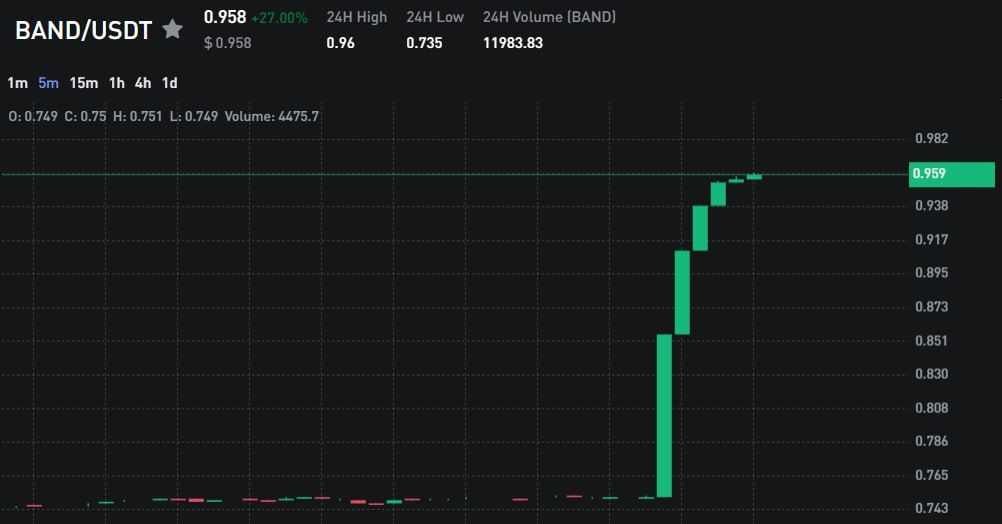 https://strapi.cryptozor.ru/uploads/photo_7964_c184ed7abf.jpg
---
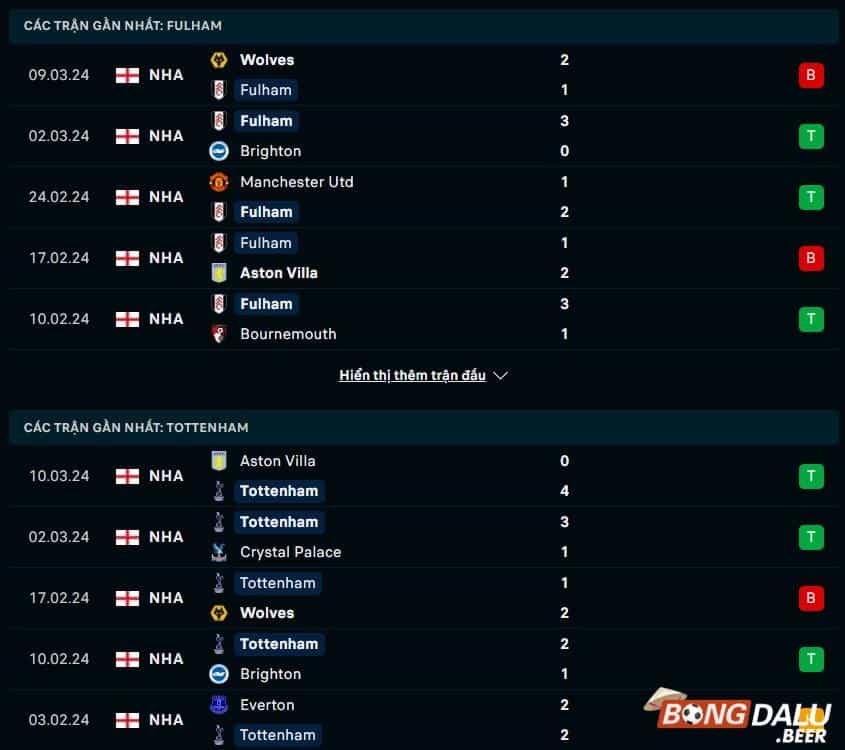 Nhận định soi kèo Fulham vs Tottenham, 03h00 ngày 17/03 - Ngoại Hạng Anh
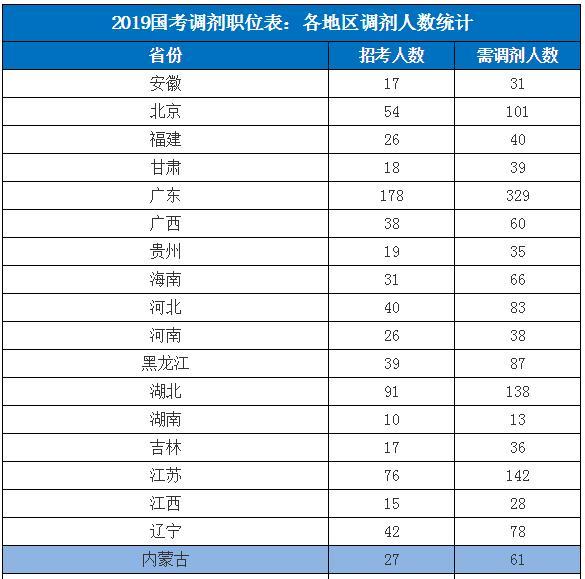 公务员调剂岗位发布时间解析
==
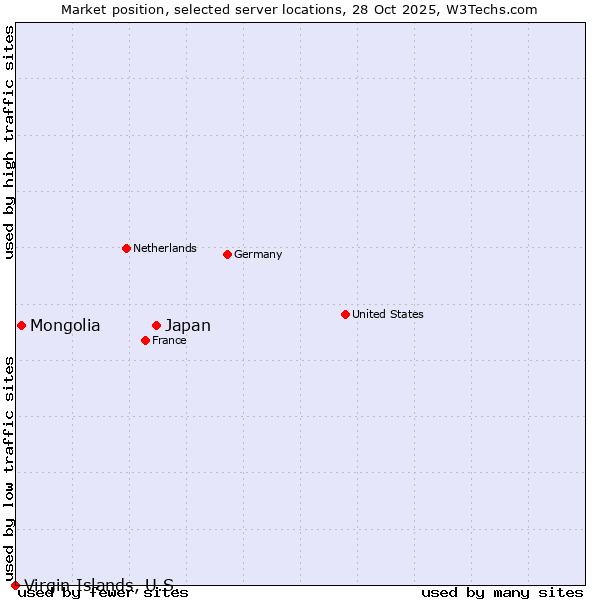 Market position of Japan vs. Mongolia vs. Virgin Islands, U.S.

▶ _Task prompt_:
Keep to the lines above from the line with "Nhận định soi" to the line with "公务员调剂岗位发布时间解析", and set down exactly those, inclusive, with nothing else and every picture left out.

▶ _Solution below_:
 Nhận định soi kèo Fulham vs Tottenham, 03h00 ngày 17/03 - Ngoại Hạng Anh
 公务员调剂岗位发布时间解析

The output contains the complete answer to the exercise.